Wednesday, July 26, 2023

Two Superman Shows Reinterpreted Intergang - But Only One Is Comics-Accurate

Superman & Lois and My Adventures with Superman both recently featured Intergang. One of them, however, takes the criminal team in a wild direction.


Superman is enjoying an elevated moment of television right now, with the live-action Superman & Lois wrapping up its three-season run in June, only to hand the baton off to the animated My Adventures with Superman. Both series have enjoyed high praise among the fans. Both also bring a breath of fresh air to a Man of Steel rather desperately in need of one.


That includes a double presentation of Intergang, one of Superman's perennial foes in the comics with a long history to draw upon. Both series have their own take on the organization, yet Superman & Lois delivers a very comics-accurate take, while My Adventures with Superman ranges far afield. And they're both still undeniably Intergang, reinterpreted for the needs of a specific project. They're a great example of how such characters can thrive despite such diverse incarnations.


Superman & Lois Strip Intergang Down to Its Basics


Intergang first appeared in Superman's Pal, Jimmy Olsen #133 (Jack Kirby, Al Plastino, Vince Colletta, and John Costanza). In the comics, they began as an old-school crime syndicate under the command of founder Boss Moxie Manheim. When he dies, he's replaced by Morgan Edge, who has deep ties to Apokolips and uses the gang to help Darkseid complete the Anti-Life Equation. Accordingly, Intergang often sports high-tech alien weaponry from their sinister benefactor: unwittingly performing Darkseid's will on Earth and going from a mundane criminal mob to a genuine challenge for Superman in the process.


Edge is eventually replaced by Manheim's son Bruno, who continues to run Intergang in a manner similar to his predecessors. Lex Luthor takes control of it in The Adventures of Superman #552 (Karl Kesel, Tom Grummett, Denis Rodier, Glenn Whitmore, and Albert DeGuzman), while reboots and capital "c" Crises have thrown the specifics for multiple loops. Superman & Lois uses them as major villains throughout its run, starting with the pilot when Morgan Edge buys out the Daily Planet. Lois and Clark return to Smallville with their family, only to find Edge and his forces setting their sights on the town. The series belongs to the larger Arrowverse continuity. Darkseid and the Apokolips connection have been completely eliminated.


Instead, Edge turns out to be another Kryptonian exile, with a plan to resurrect his dead planet by using humans to house Kryptonian consciousness. That simplifies the narrative and ties Intergang more closely to Clark's past. Yet at the same time, it sticks remarkably close to many of the group's core notions, including Bruno Manheim, the use of high technology, and the fact that they are very dangerous for Superman and his family.
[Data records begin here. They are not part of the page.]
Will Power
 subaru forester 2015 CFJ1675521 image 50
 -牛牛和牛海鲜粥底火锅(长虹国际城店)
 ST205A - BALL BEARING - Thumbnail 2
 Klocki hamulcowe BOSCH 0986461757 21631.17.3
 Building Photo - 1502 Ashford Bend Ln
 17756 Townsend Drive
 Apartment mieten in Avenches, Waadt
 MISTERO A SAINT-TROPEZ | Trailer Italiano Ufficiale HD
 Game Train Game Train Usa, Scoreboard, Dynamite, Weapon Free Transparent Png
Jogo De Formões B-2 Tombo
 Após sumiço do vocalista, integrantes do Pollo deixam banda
My Adventures with Superman's Intergang Is Almost Entirely New


Ironically, My Adventures with Superman's version of Intergang may be far more closely connected to Darkseid than Superman & Lois, depending on the as-yet-unrevealed origins of the tech they use. It's surprising because the series starts from the bottom up, showing Intergang's humble origins as a trio of stick-up artists who luck into some big-time gadgets. They include The Silver Banshee and The Mist -- a DC stalwart villain and a holdover from The Golden Age, respectively -- who nonetheless had no connection to Intergang before now. Superman & Lois interweaves its version of the group with plenty of pertinent details from the comics. My Adventures with Superman takes only the bare-bones concept and the name.


Neither way necessarily works better than the other. Both have their advantages: greater accuracy gives Superman & Lois more ready access to comics storylines, while My Adventures with Superman has a lot more freedom to do its own thing with Intergang. But their proximity demonstrates that good storytelling renders accuracy a superfluous detail. The comics are the comics, and as long as creators approach them with respect, how they're used becomes a matter of what the particular project needs.


New episodes of My Adventures with Superman stream every Thursday on Max.